Rencontre avec une femme d’exception, qui force l’admiration
Interview réalisée par Yannick Le Guillanton

Résidente ICORN à la Cité internationale des arts depuis septembre 2019, diplômée de l’International Center of Photography à New York, Amira Alsharif documente depuis maintenant 17 ans le quotidien des femmes yéménites avec passion. Un travail pour lequel elle a mis sa vie privée entre parenthèses afin de s’immerger de longs mois auprès de celles qui sont pour elle bien plus qu’un sujet photographique.
Pour aller à leur rencontre, elle doit affronter le tumulte d’un pays en guerre qui dégage trop peu de place dans les colonnes de la presse écrite et les conducteurs des journaux télévisés.

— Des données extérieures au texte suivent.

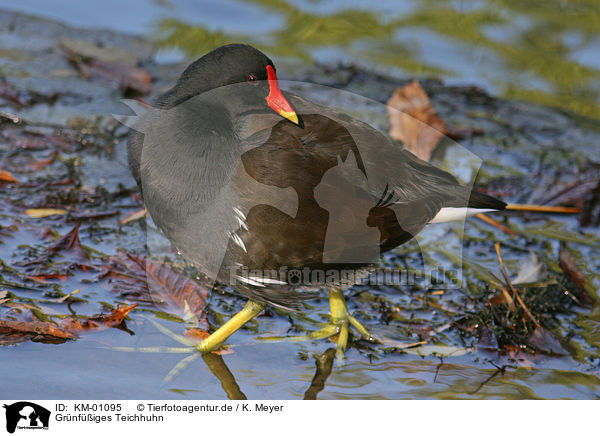 Grnfiges Teichhuhn / KM-01095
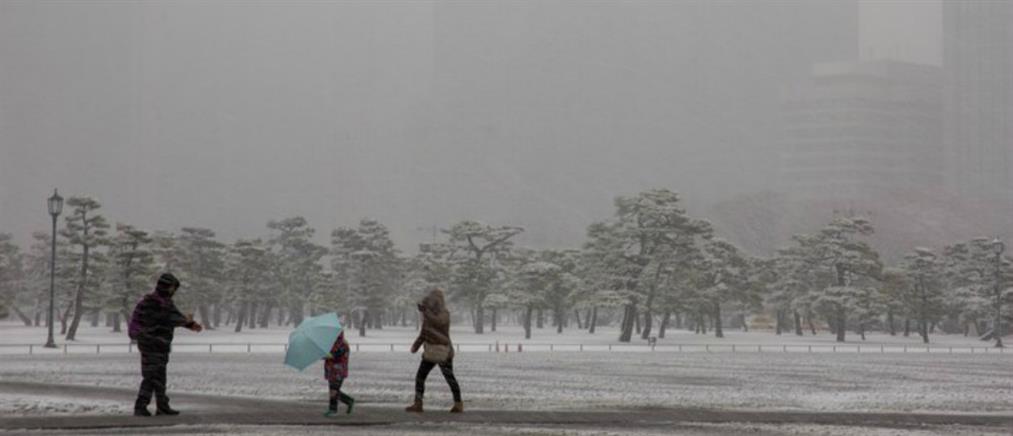 Σφοδρή χιονοθύελλα έπληξε την Ιαπωνία (βίντεο)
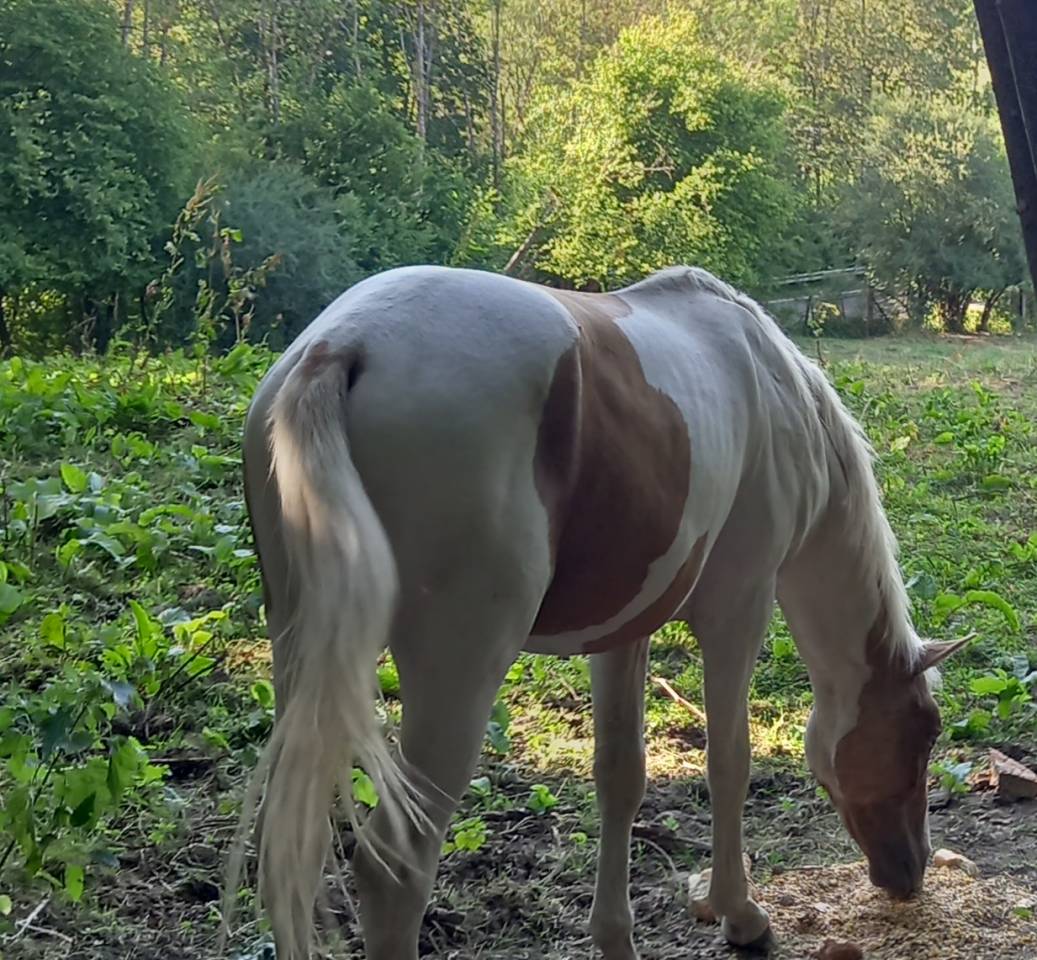 Veulen (ml) Palomino Te koop 2024 Bont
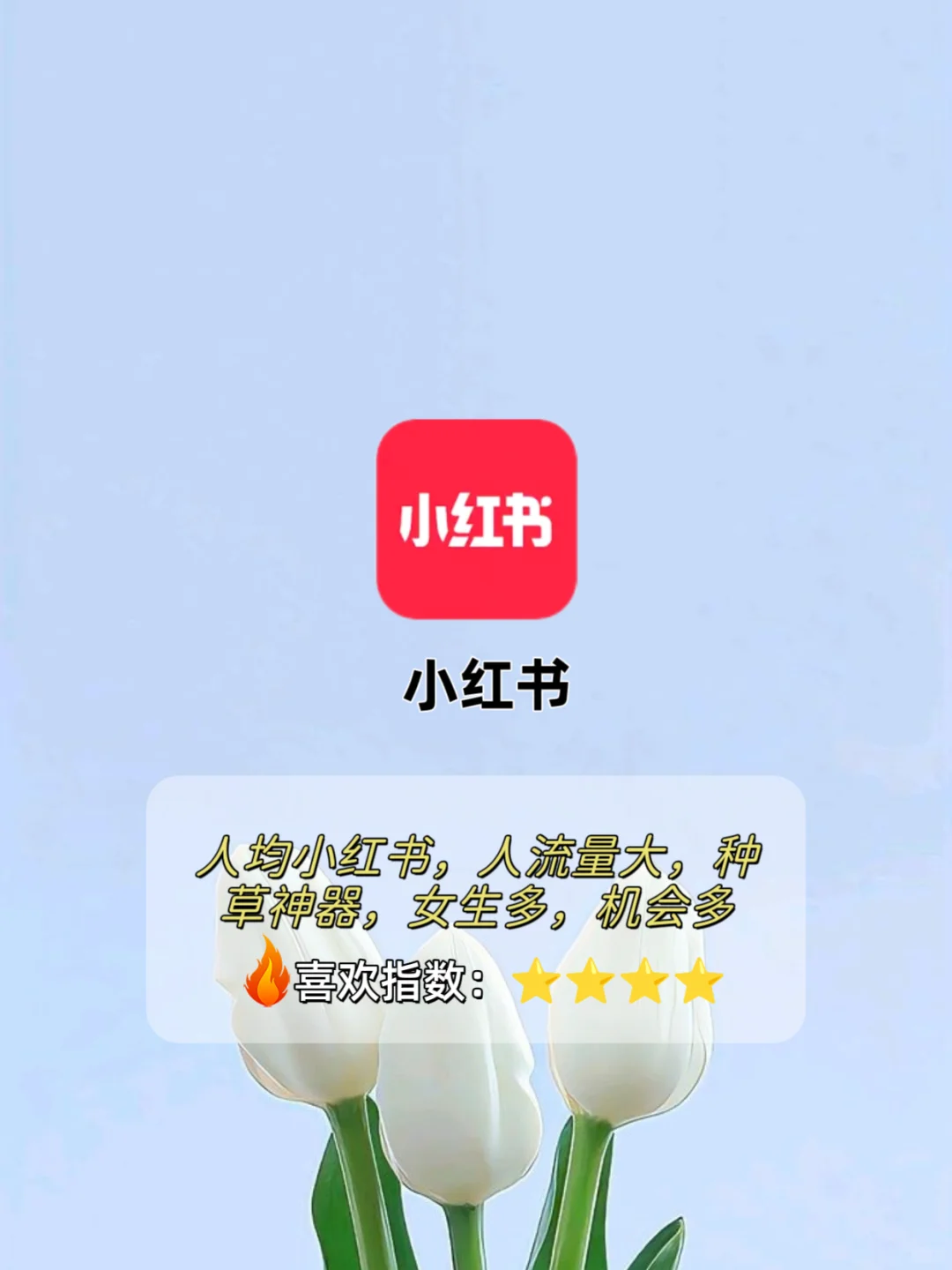 社交软件喜欢指数-海王严选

C’est pourtant, selon les Nations unies, la pire crise humanitaire au monde. Dans un article d’octobre 2019, The Guardian évoque que ces 5 dernières années 100 000 personnes auraient trouvé la mort au cours du conflit. La destruction de l’économie, la famine et les épidémies achèvent les plus faibles. Les affrontements qui opposent depuis 2014 la rébellion chiite houtie au Nord, au pouvoir sunnite au Sud, sont très mal perçus par l’Arabie Saoudite qui ne peut concevoir l’installation d’un allié de l’Iran à ses frontières. Depuis 2015, les bombardements saoudiens achèvent alors une population exsangue. Mais le travail d’Amira Alsharif n’est pas partisan, au nord comme au sud, elle s’intéresse aux mères courage qui n’aspirent qu’à la paix.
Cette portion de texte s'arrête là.